$X$ complete. If $M \subset X$ closed then $(M,d)$ is complete.

Question

Here is what I came up with.

Since $M$ is closed it follows that $U=X \backslash M$ is open. Then $(X \backslash M, d)$ can not be complete, because if $(X\backslash M, d)$ is complete this would implie that $X \backslash M$ is closed, which is not true. Since $(X \backslash M, d)$ is not complete there exists atleast one cauchy seq. $(x_n)_{n \in \mathbb{N}}$ s.t if $x_1, x_2,\dots , x_k \in X \backslash M$ then $x_{k+1}, \dots x_{n} \in M$. Since $X \backslash M$ not complete.

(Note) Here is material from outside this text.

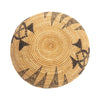 Miwok Basket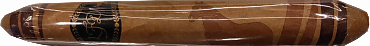 La Flor Dominicana Salomon Unico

Hence the seq. $(x_j)_{j=k+1}^{n}$ is cauchy and converge in $(M,d)$. On the other hand if $(x_n)_{n \in \mathbb{N}}$ is a cauchy seq. in $X$ with $x_1, x_2, \dots x_k \in M$ then..?

Answer 1

Just take a Cauchy sequence $(x_n)_{n\in\Bbb{N}}$ in $(M,d)$. That sequence is also a Cauchy sequence in $(X,d)$. Since that last space is complete, there exist $\bar{x} \in X$ such that $x_n \to \bar{x}$. On the other hand, since $(x_n)_n$ is convergent and $M$ closed, we obtain $\bar{x} \in M$.